Secrecy in the Sunshine Era
Title | Secrecy in the Sunshine Era PDF eBook |
Author | Jason Ross Arnold |
Publisher | University Press of Kansas |
Pages | 556 |
Release | 2014-08-25 |
Genre | Political Science |
ISBN | 0700619925 |
A series of laws passed in the 1970s promised the nation unprecedented transparency in government, a veritable “sunshine era.” Though citizens enjoyed a new arsenal of secrecy-busting tools, officials developed a handy set of workarounds, from over classification to concealment, shredding, and burning. It is this dark side of the sunshine era that Jason Ross Arnold explores in the first comprehensive, comparative history of presidential resistance to the new legal regime, from Reagan-Bush to the first term of Obama-Biden. After examining what makes a necessary and unnecessary secret, Arnold considers the causes of excessive secrecy, and why we observe variation across administrations. While some administrations deserve the scorn of critics for exceptional secrecy, the book shows excessive secrecy was a persistent problem well before 9/11, during Democratic and Republican administrations alike. Regardless of party, administrations have consistently worked to weaken the system’s legal foundations. The book reveals episode after episode of evasive maneuvers, rule bending, clever rhetorical gambits, and downright defiance; an army of secrecy workers in a dizzying array of institutions labels all manner of documents “top secret,” while other government workers and agencies manage to suppress information with a “sensitive but unclassified” designation. For example, the health effects of Agent Orange, and antibiotic-resistant bacteria leaking out of Midwestern hog farms are considered too “sensitive” for public consumption. These examples and many more document how vast the secrecy system has grown during the sunshine era. Rife with stories of vital scientific evidence withheld, justice eluded, legalities circumvented, and the public interest flouted, Secrecy in the Sunshine Era reveals how our information society has been kept in the dark in too many ways and for too long.
The Borrowed World
Title | The Borrowed World PDF eBook |
Author | Franklin Horton |
Publisher | Createspace Independent Publishing Platform |
Pages | 0 |
Release | 2015-05-12 |
Genre | Appalachian Region |
ISBN | 9781511974417 |
Thousands of travelers become stuck after ISIS attacks the United States, leaving the nation's physical, electrical, and technological infrastructure in tatters. Jim Powell and his co-workers are stranded in a hotel in Richmond, Virginia, about five hundred miles from home. He and several others embark on a journey to try to get back home, by any means possible, in a world with scarce law enforcement where the rules of civilized society no longer apply.
The Earth on Show
Title | The Earth on Show PDF eBook |
Author | Ralph O'Connor |
Publisher | University of Chicago Press |
Pages | 557 |
Release | 2008-09-15 |
Genre | Science |
ISBN | 0226616703 |
At the turn of the nineteenth century, geology—and its claims that the earth had a long and colorful prehuman history—was widely dismissedasdangerous nonsense. But just fifty years later, it was the most celebrated of Victorian sciences. Ralph O’Connor tracks the astonishing growth of geology’s prestige in Britain, exploring how a new geohistory far more alluring than the standard six days of Creation was assembled and sold to the wider Bible-reading public.

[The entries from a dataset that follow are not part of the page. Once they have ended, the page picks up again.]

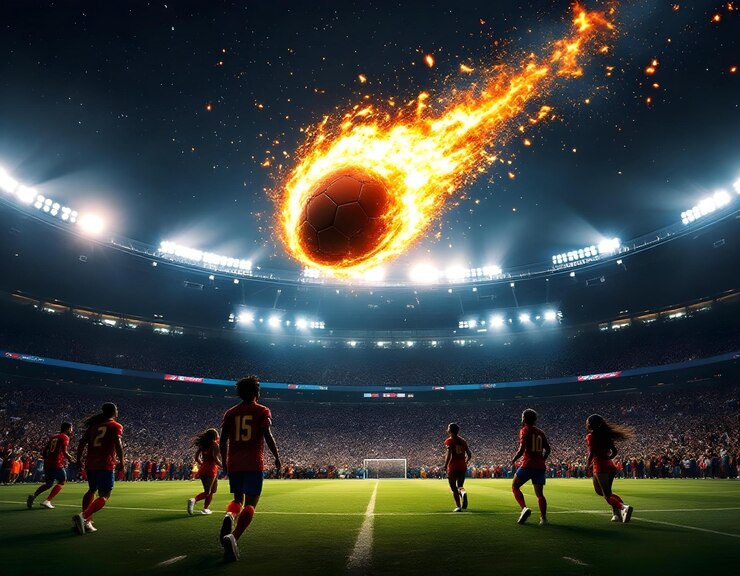un jeu de football avec le mot soccer sur le côté
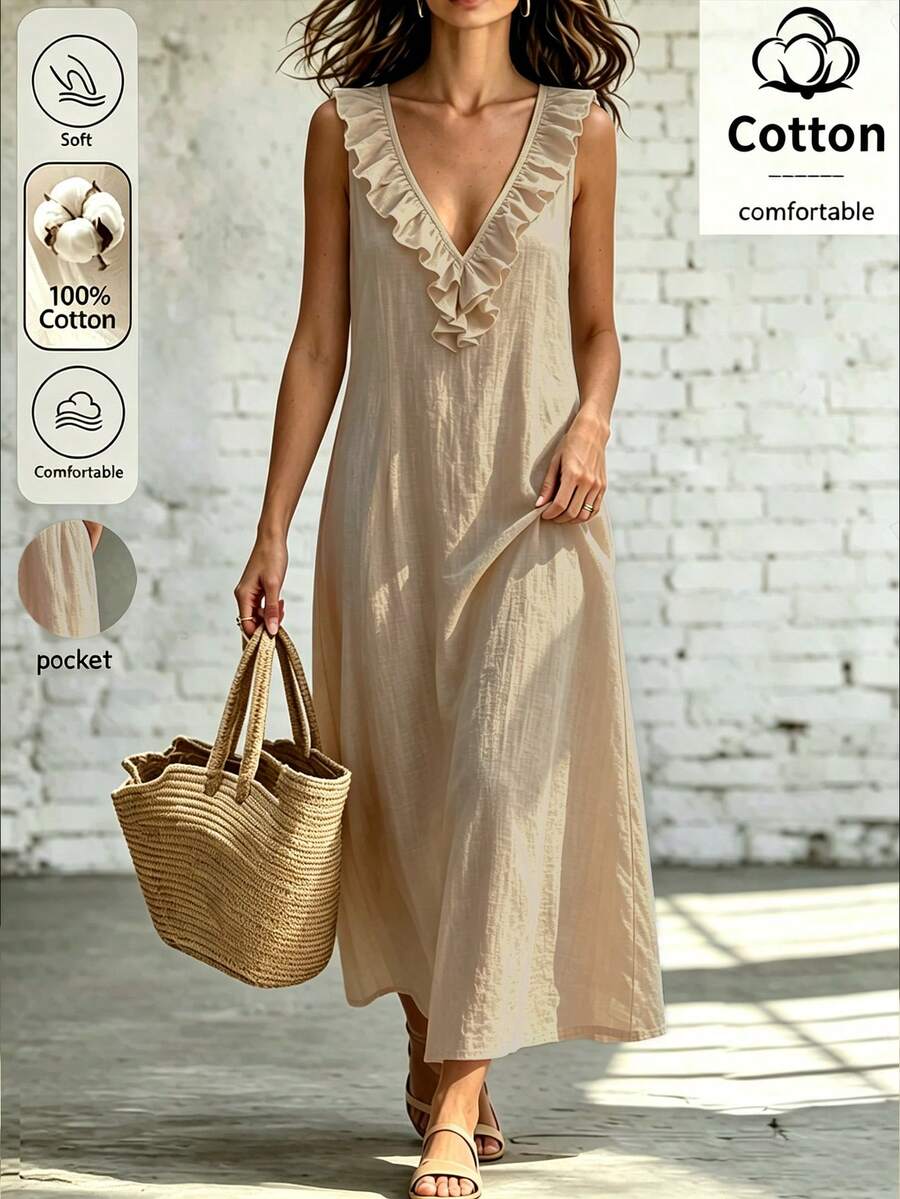 Breezaya Elegant Long Dress With Ruffled Neckline, Stylish Casual Outfit For Everyday Looks - Khaki - View 1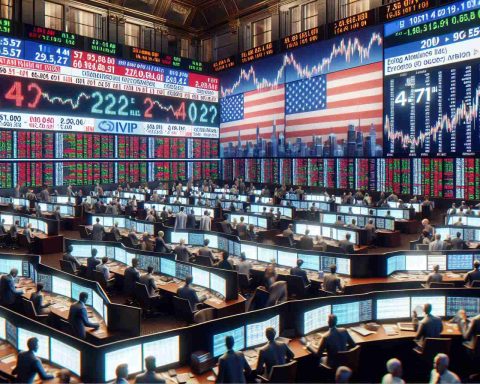 High-definition, realistic representation of the stock market atmosphere during a period of political uncertainty in an unspecified location: Trading floor buzzing with activity as traders nervously watch their screens, market indices fluctuating unpredictably on large display screens, and news tickers showing headlines about the election results yet to be announced.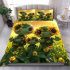 Cute baby turtles with sunflowers on their backs bedding set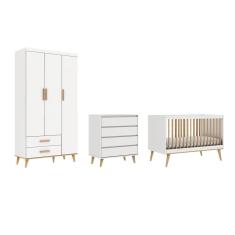Quarto de Bebê Berço 3 em 1 Cômoda Gaveteiro Guarda Roupa Retrô 3 Portas com Gavetas Branco com Bétula Carolina Baby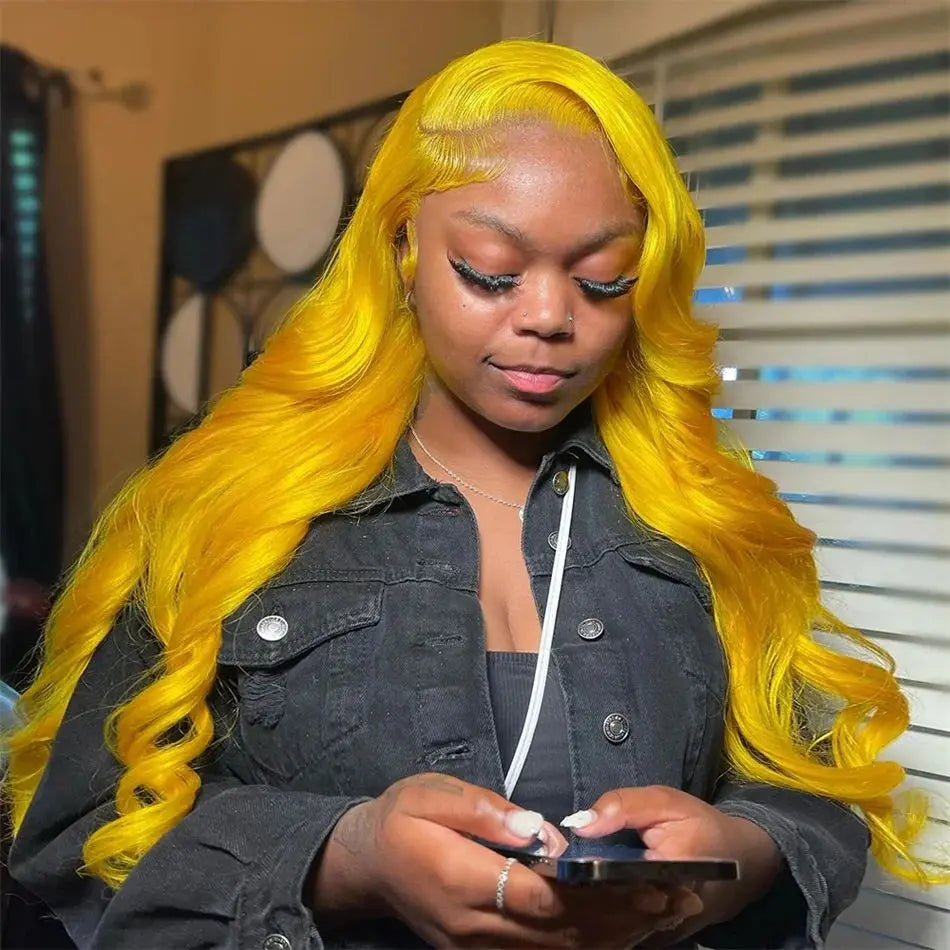32 Inch Yellow Lace Front Wig Human Hair 13x6 Raw Body Wave Transparent Lace 13x6 Wig 613 Colored Virgin Hair Wigs For Women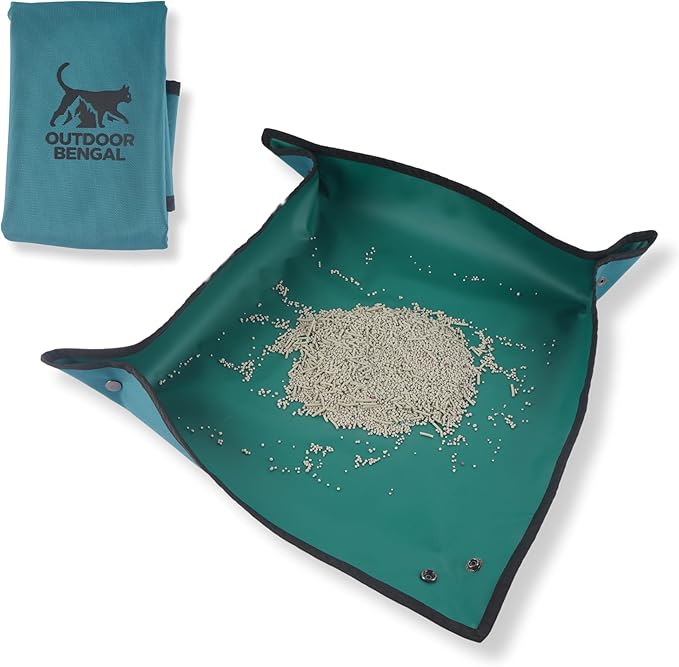 Travel Litter Box for Cats Small & Foldable - Non-Stick Portable Litter Box for Cat Traveling, No-Mess, Collapsible Litterbox (Essentials Traveling with Cats by Car, Plane, and Camping)-Mewly Pet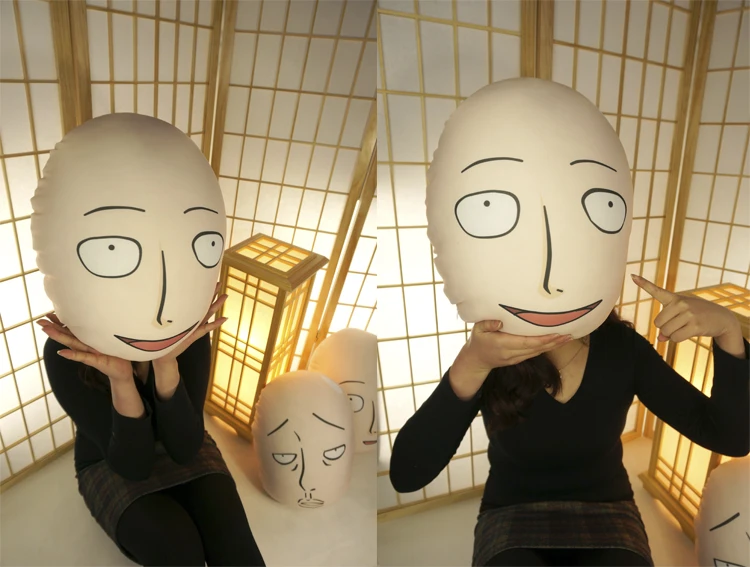 Аниме ONE PUNCH-MAN Косплей Saitama круглые плюшевые подушки милая кукла подушка мягкие игрушки реквизит креативный подарок на день рождения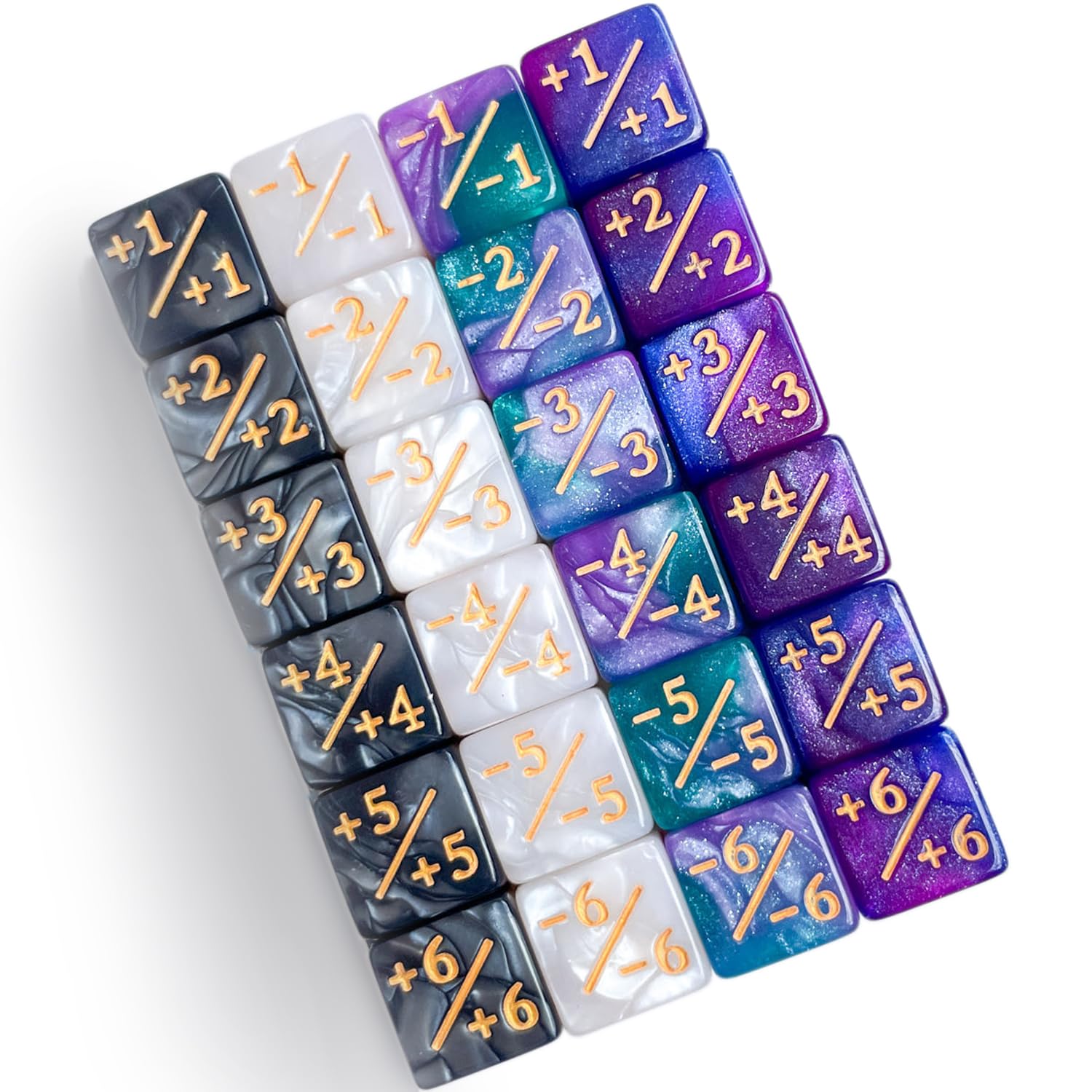 QiAN SiMAi 24-piece galaxy purple-green counter dice for easy token tracking during games.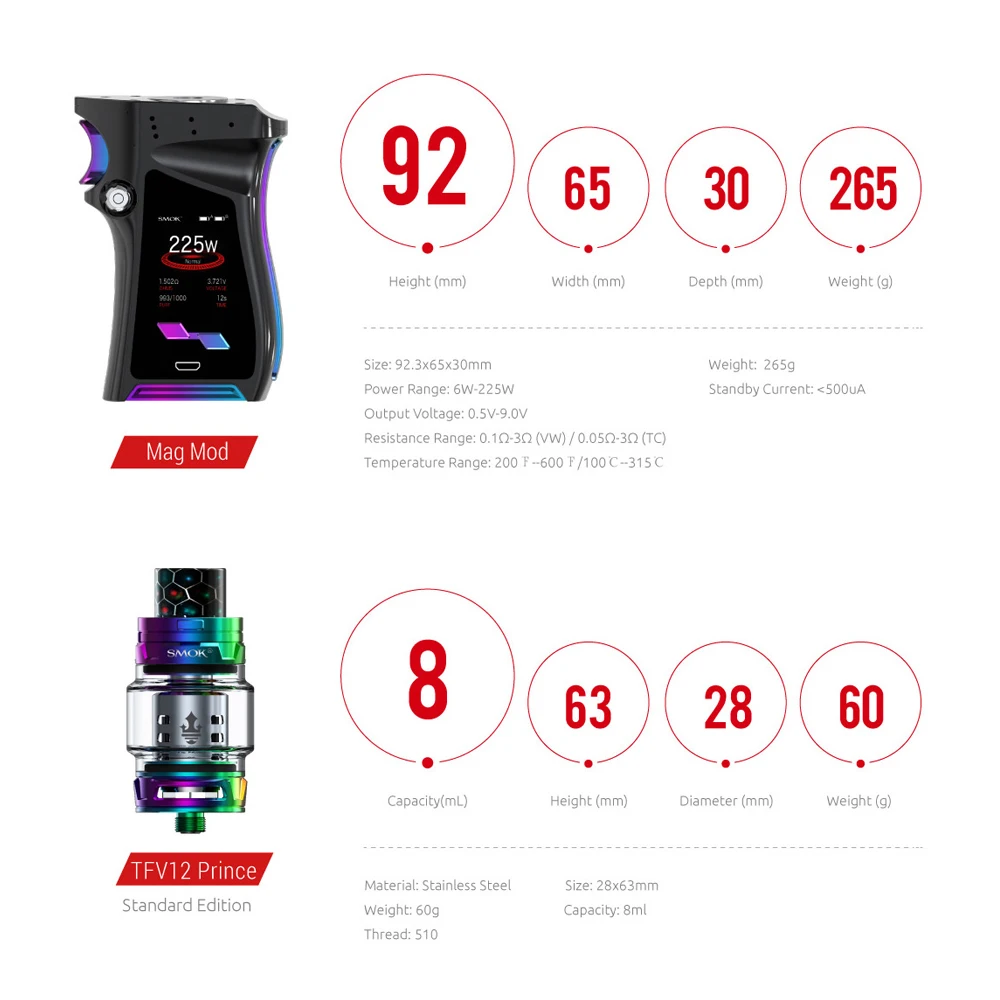 Оригинальный комплект SMOK Mag 225 Вт 8 мл бак TFV12 Prince с аккумулятором электронная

Shrewd science-writers, O’Connor shows, marketed spectacular visions of past worlds, piquing the public imagination with glimpses of man-eating mammoths, talking dinosaurs, and sea-dragons spawned by Satan himself. These authors—including men of science, women, clergymen, biblical literalists, hack writers, blackmailers, and prophets—borrowed freely from the Bible, modern poetry, and the urban entertainment industry, creating new forms of literature in order to transport their readers into a vanished and alien past. In exploring the use of poetry and spectacle in the promotion of popular science, O’Connor proves that geology’s success owed much to the literary techniques of its authors. An innovative blend of the history of science, literary criticism, book history, and visual culture, The Earth on Show rethinks the relationship between science and literature in the nineteenth century.